§ THE TASK
Your answer must be the full listing, word for word, with no images in it.

§ RAW DATA
:::

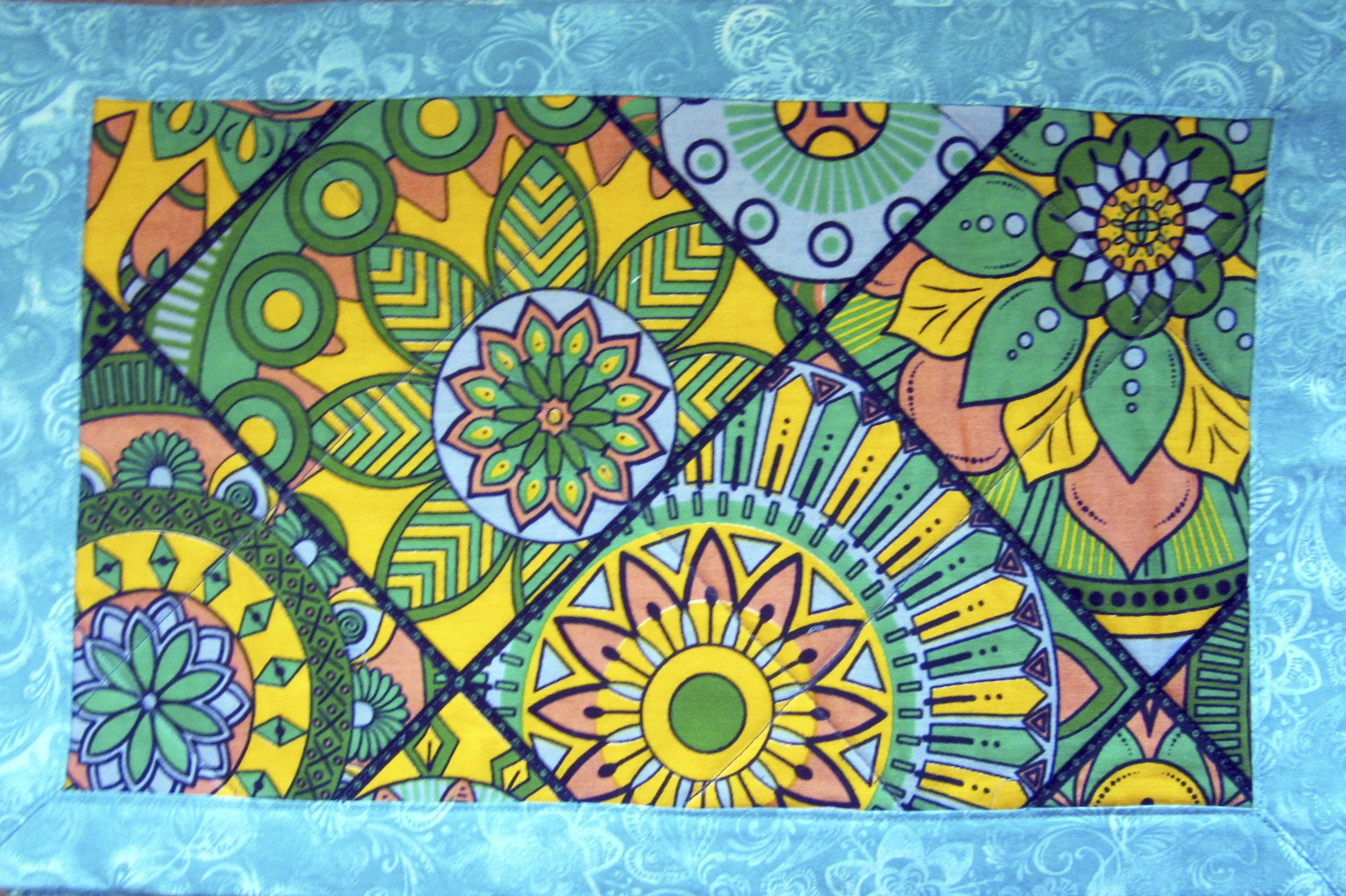 Green & turquoise placemat. 
17.5” x 13.25”   $45 a pair 
Made with authentic African wax-printed fabric, 100% cotton.  
WASHING INSTRUCTIONS:  Cool water, air dry, can be ironed.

:::

§ OUTPUT OF THE TASK
 Green & turquoise placemat. 
17.5” x 13.25”   $45 a pair 
Made with authentic African wax-printed fabric, 100% cotton.  
WASHING INSTRUCTIONS:  Cool water, air dry, can be ironed.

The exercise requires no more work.